Evaluation of oxidized guanine in primary myometrial cells with ROS exposure in vitro, and ROS-induced gene expression in myometrial cells by RNA-seq analysis. a DHE staining (ROS) in 3D spheroid cultures of myometrial cells treated with control and PQ. b and c Immunohistochemistry (b) and quantitative H-scores (c) for 8-OHdG and γH2AX in 3D cultured myometrial cells treated with control and PQ. d Quantitative analysis of the absence of base site (apurinic/apyrimidinic (AP)) in genomic DNA treated for 6 hrs (blue bars) and 18 hrs (red bars) in myometrial cells treated with control and PQ . e Heatmaps (n=4, NUP245, NUP246, NUP237, NUP240) showed 325 genes treated with PQ (178 upregulated and 147 downregulated). f Volcano plot illustrated significantly up (Red) and down (blue) regulated genes. g Gene enrichment analysis of six major pathways upregulate by PQ treatment. *p<0.05; **p<0.01

To evaluate the gene expression patterns in myometrial cells treated with PQ, RNA sequencing analysis was performed. After normalizing the data with an absolute log2 fold change cutoff of 1 (for Control vs.
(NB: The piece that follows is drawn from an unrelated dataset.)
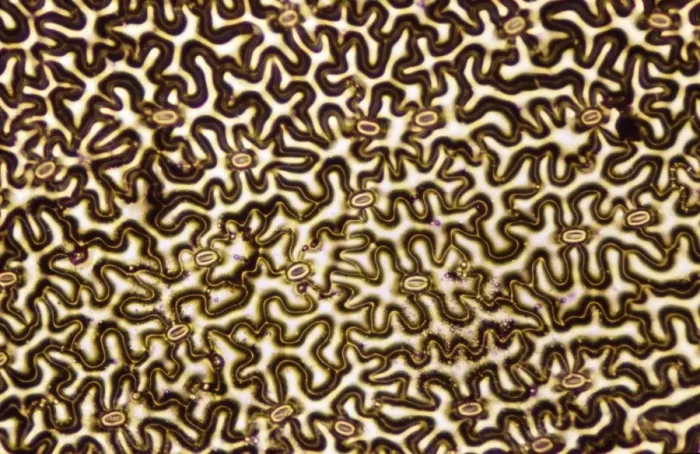 Framed Print : Light Micrograph (LM): A concentration of cells on the epidermis of a plant showing stomata Framed Print : Light Micrograph (LM): A concentration of cells on the epidermis of a plant showing stomata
PQ), a total of 325 genes were dysregulated in cells treated with PQ (178 upregulated and 147 downregulated, Fig. 3e and f, Additional file 2: Table S5). GSEA revealed the dysregulated genes are significantly associated with the ROS pathway, hypoxia, DNA repair, p53 pathway, estrogen response, and AKT signaling (Fig. 3g), consistent with findings in myometrial tissue with LM (Fig. 2g and h), suggesting common mechanisms of the ROS-mediated DNA damage response to these two compounds. Upregulation of AKT pathways by PQ (Fig. 2h and 3g) was consistent with our previous functional analysis [21]. Genes in ROS stress response and the DNA repair pathway were mostly upregulated in PQ treatment (Additional file 1: Fig. S4a). The pathway connections and gene expression trends are summarized in Additional file 1: Fig. S4b. These findings demonstrate a common effect of PQ on ROS metabolic pathways, with DNA damage response, specifically the base excision repair pathway were dysregulated in PQ treatment.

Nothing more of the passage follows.